How do you know if losing the romantic connection is a normal and real practical part of your marriage, or if it's something that needs to change? Here are a few signs that you may want to mix up your routine so it doesn't take a negative toll on your relationship.
1. You don't talk anymore
You talk about bills, housework, kids' schedules... but you can't recall the last time you and your partner had a meaningful talk about your lives, your needs and your desires.
My tip: Spend 10 minutes a night connecting with each other and make a point not to talk about practical matters. You'll be amazed at how just a few minutes a day reminds you that you're each other's priority.
2. Sleep is more important than sex
We're all overworked and busy, so it's not surprising that many of us have moments where we'd take sleep over sex. But if too much time goes by without an intimate connection, it'll take a toll on your relationship and you may crave that sexy connection elsewhere.

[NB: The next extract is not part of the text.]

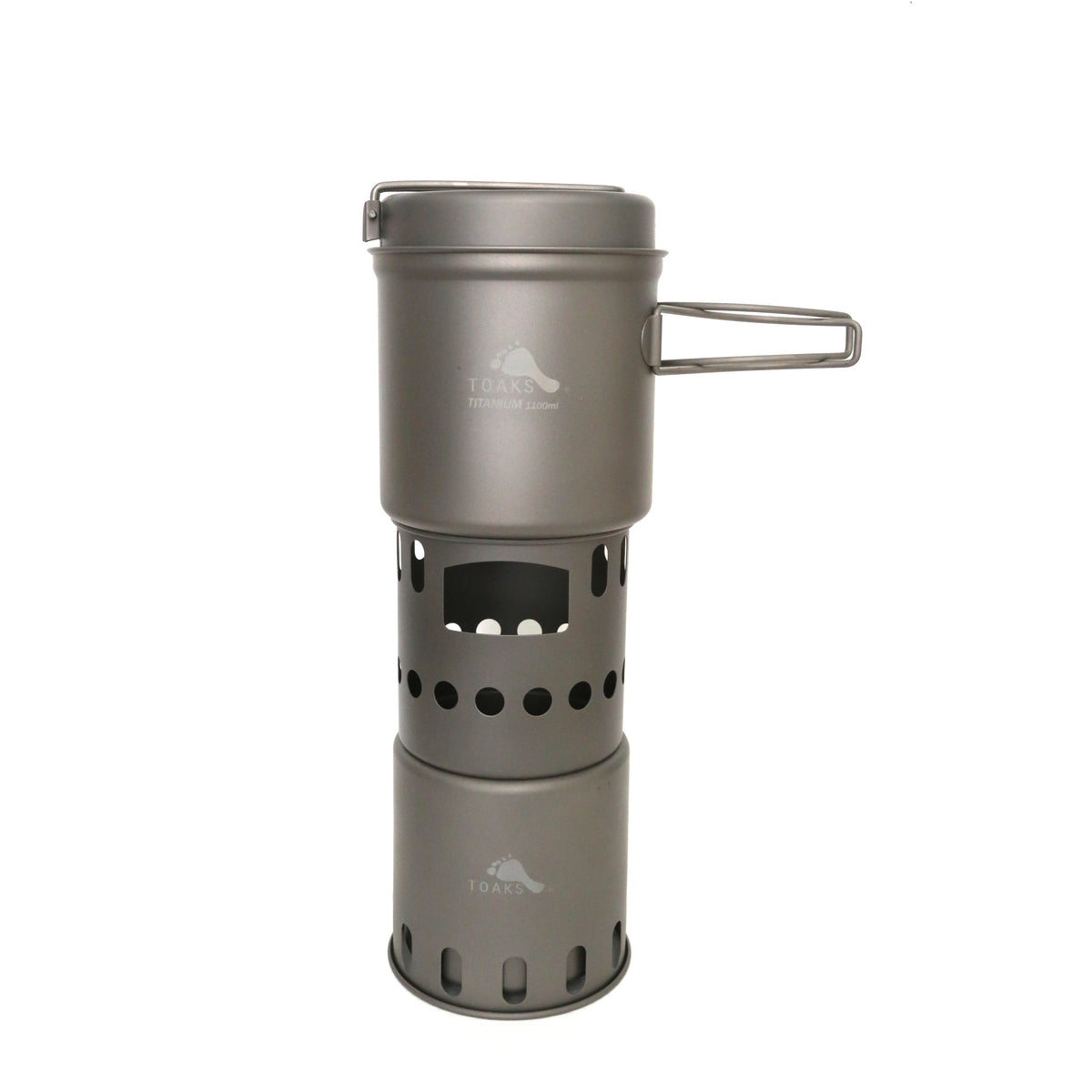 TOAKS Titanium 1100ml Pot with Pan and Wood Burning Stove Combo Set — image 1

My tip: It doesn't sound sexy to schedule sex, but dedicating time each month will get your sexy connection back on track. Figure out together if you'll try during the kid's nap or a particular night before bed. Some couples even dedicate the same day every week for sex. Whatever works for you!
3. You don't see each other
You feel like ships passing in the night. You go to bed separately and your schedules seem totally out-of-sync.
My tip: Something has to change or this will erode your relationship. Take out your calendars and find at least one day a week where you'll be together for a concentrated period. It may mean taking a coffee break together during the work week or going together to do errands on the weekend. Whatever you do, make together time a must.
We can't expect that everything we do with our partners to be as romantic as it used to be, but we should expect to have a connection that feels different from just another body in the house.
If you're slipping into the friend trap, these small changes may remind you that you're lovers and partners -- not just parents and roommates.